Early every Saturday the peasant women come trooping in, with their vegetables, fruits, and flowers, to line the Bahnhof-strasse with carts and baskets. The ladies and kitchen-maids of the city come to buy; but by noon the market is over. In a jiffy, the street is swept as clean as a kitchen floor, and the women have turned their backs on Zurich. But the real center of attraction in Zurich will be found by the traveler in that quarter where stands the Grossmuenster, the church of which Zwingli was incumbent for twelve years.
It may well be called the Wittenberg church of Switzerland. The present building dates from the eleventh and twelfth centuries; but tradition has it that the first minster was founded by Charlemagne. That ubiquitous emperor certainly manifested great interest in Zurich. He has been represented no less than three times in various parts of the building. About midway up one of the towers, his statue appears in a niche, where pigeons strut and prink their feathers, undisturbed. Charlemagne is sitting with a mighty two-edged sword upon his knees, and a gilded crown upon his head; but the figure is badly proportioned, and the statue is a good-natured, stumpy affair, that makes one smile rather than admire. The outside of the minster still shows traces of the image breakers of Zwingli’s time, and yet the crumbling north portal remains beautiful, even in decay. As for the interior, it has an exceedingly bare and stript appearance; for, altho’ there is good, solid stonework in the walls, the whole has been washed a foolish, Philistine white. The Romanesque of the architectural is said to be of particular interest to connoisseurs, and the queer archaic capitals must certainly attract the notice even of ordinary tourists....
It is also worth while to go to the Helmhaus, and examine the collection of lake-dwelling remains.
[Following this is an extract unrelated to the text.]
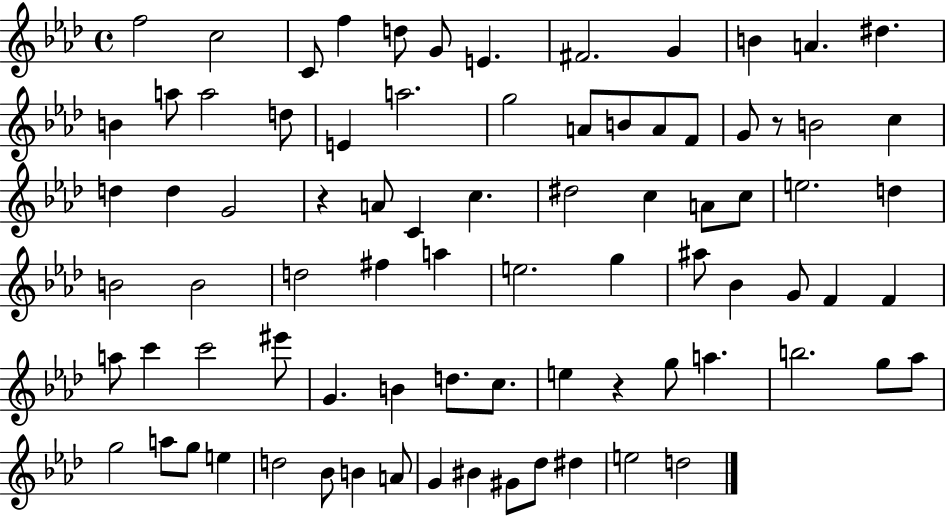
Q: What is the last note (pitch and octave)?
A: D5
In fact, there is a delightful little model of a lake-dwelling itself, and an appliance to show you how those primitive people could make holes in their stone implements, before they knew the use of metals. The ancient guild houses of Zurich are worth a special study. Take, for instance, that of the “Zimmerleute,” or carpenter with its supporting arches and little peaked tower; or the so-called “Waag,” with frescoed front; then the great wainscoated and paneled hall of the “schmieden” (smiths); and the rich Renaissance stonework of the “Maurer” (masons). These buildings, alas, with the decay of the system which produced them, have been obliged to put up big signs of Cafe Restaurant upon their historic facades, like so many vulgar, modern eating-houses.